Development of two simplified geochemical models for permeability evolution due to calcite dissolution in preferential pathways in caprock

Thursday, 18 December 2014
Bin Guo, Jeffrey P Fitts and Catherine A Peters, Princeton University, Civil and Environmental Engineering, Princeton, NJ, United States
Leakage through faults and fractures in caprocks is a major concern for geologic carbon sequestration in deep saline aquifers. Current leakage models assume constant permeabilities of pathways, but CO2-acidified brine may cause minerals to dissolve, leading to permeability alteration. Calcite could cause significant permeability alteration, because it is abundant, thermodynamically unstable at low pH, and kinetically fast-reacting. We developed two simplified geochemical models to describe Permeability Evolution due to Calcite dissolution (PEC) in 1D flow paths through caprocks. The first is a numerical reactive transport model that couples solute advection and diffusion with carbonate reactions. The PEC model was used to examine geochemical and mineralogical conditions that lead to extensive permeability alterations. It was found that formations with larger amounts of calcite ultimately have larger final permeabilities, but the change is slower because extensive calcite dissolution buffers the reaction and retards the advance of the dissolution front. The second model, PEC Reaction Progress (PECRP), is a semi-analytical model developed to replicate the predictions of the PEC model but with much shorter run times. The PECRP model is based on assumptions of spatial homogeneity, sharp reacting front, and no reactions above the front. We simulated a synthetic system, the Eau Claire formation, and a sandstone in the Paris Basin to assess PECRP model performance.

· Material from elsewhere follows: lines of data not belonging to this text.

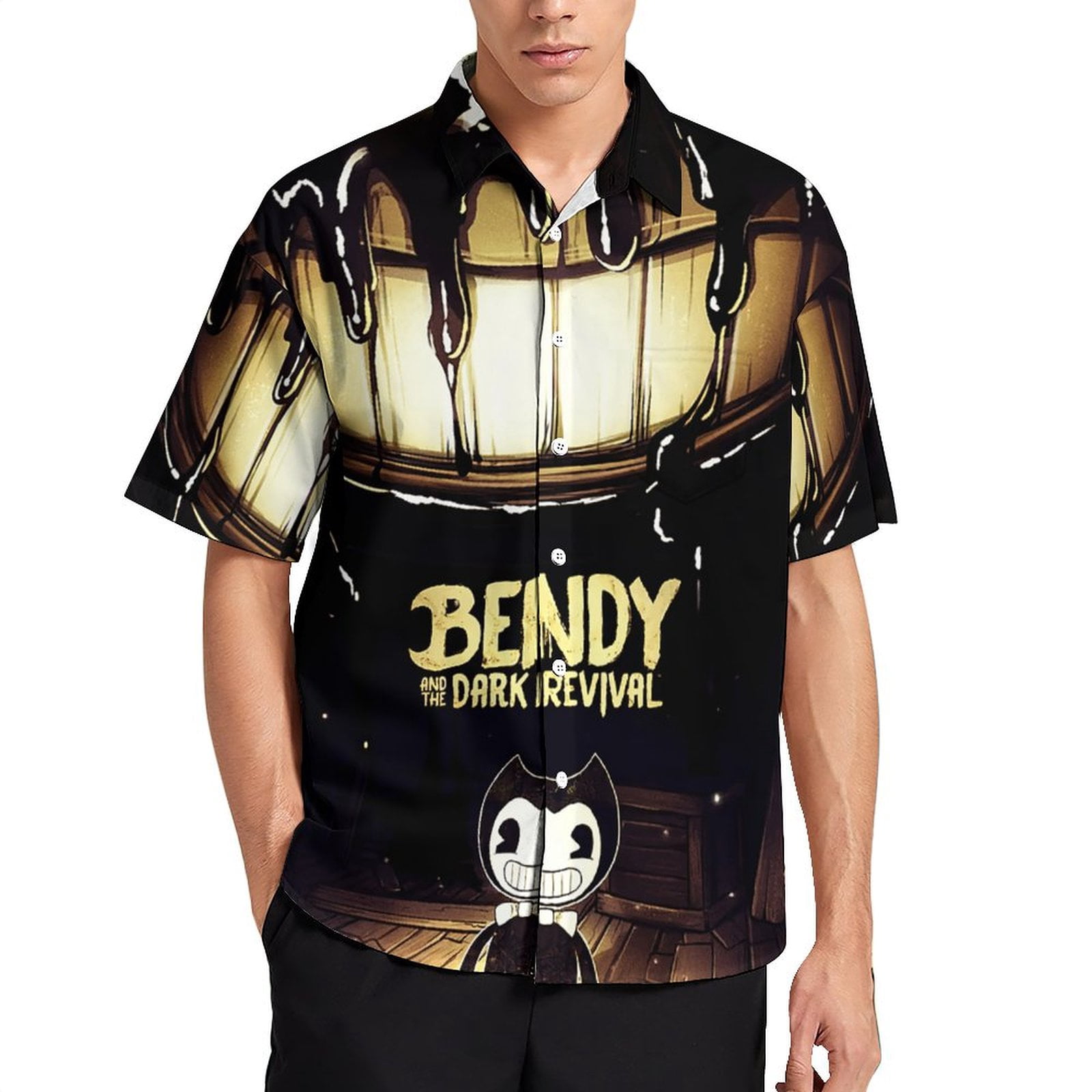 Bendy And The Ink Machine Men's Hawaiian Shirts Short Sleeve Button ...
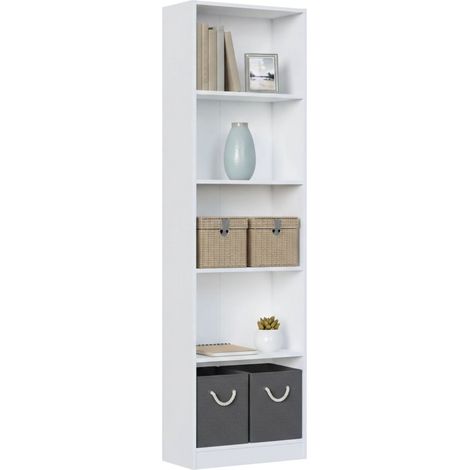 Dmora - Buchhandlung Dmacagg, Hohes Bücherregal mit 5 Regalen, Büro- oder Schlafzimmerregal, Modernes Regal mit Fächern, 52x25h80 cm, Weiß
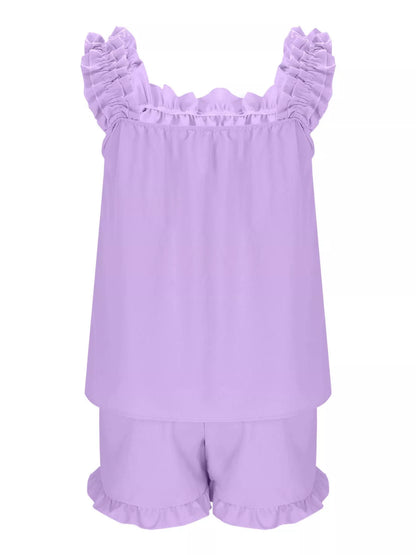 Ruffle Trim Sleeveless Top and Shorts Set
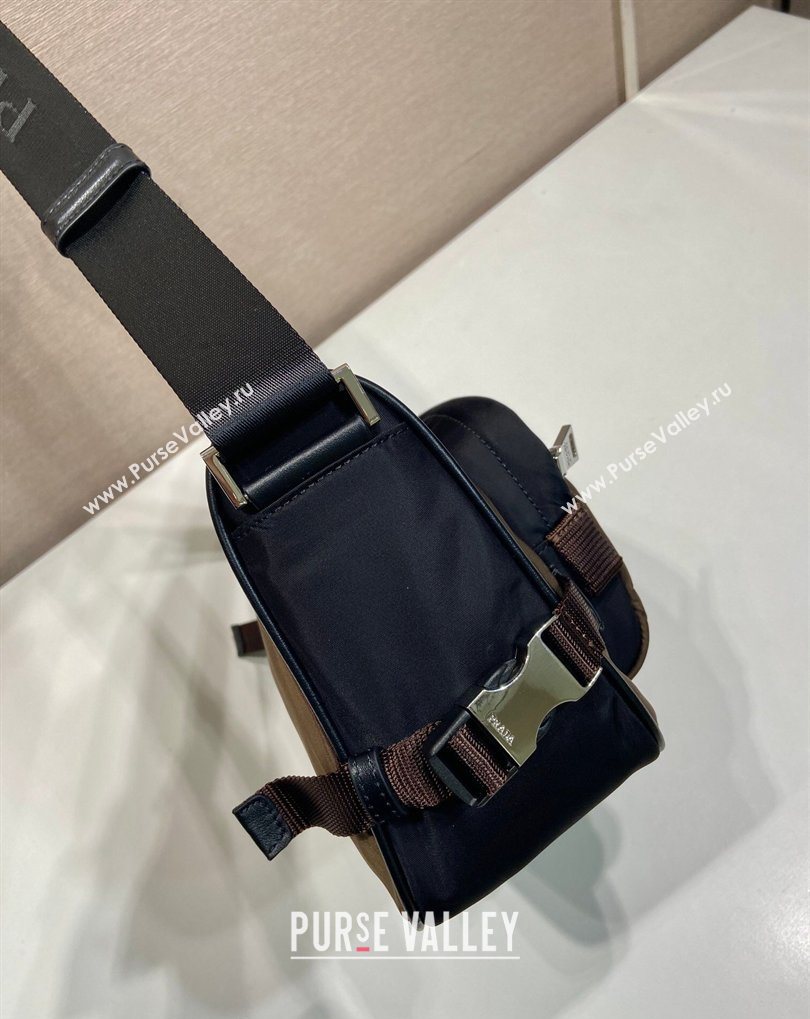 Prada Mens Medium Re-Nylon and Saffiano leather shoulder bag Brown 2026 2VH192 (YZ-260410132)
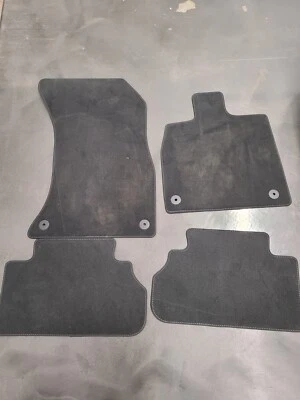 Genuine OEM 2015 16 17 18 Audi 8V A3 S3 Floor Mats Carpet Black White Stitching - Image 1 of 4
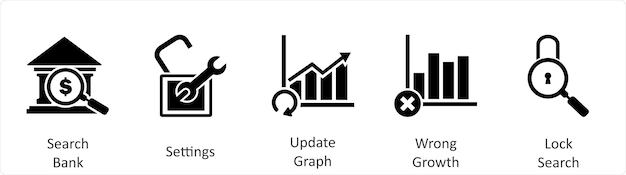 A set of 5 business icons as global security bank locker lock security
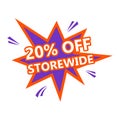 Written 20 percent OFF STOREWIDE, promo element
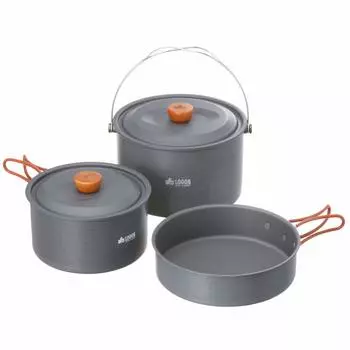LOGOS Family Cooker Set 81210209 Серый ширина x глубина x высота 24 ширина 28 x глубина 18 x высота 12 ширина x глубина x высота Размеры: [Большой горшок] (ок.) серый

We found 1) for most cases the PECRP model causes a slightly shorter breakthrough time than the PEC model without affecting the final permeability; 2) when initial porosity is low, we observe temporary permeability decrease in the PEC model, while permeability never decreases in the PECRP model; 3) the PECRP model tends to fail to reproduce results from the PEC model with low Péclet numbers; 4) the PECRP model is not suitable for for pathways with certain types and degrees of mineral spatial heterogeneity. In summary, there are many conditions for which the fast PECRP model could be used to predict reaction-induced permeability evolution in a leakage estimation simulator, but it should be used with caution in flow paths with low initial porosity, low Péclet number, and substantial mineral spatial heterogeneity.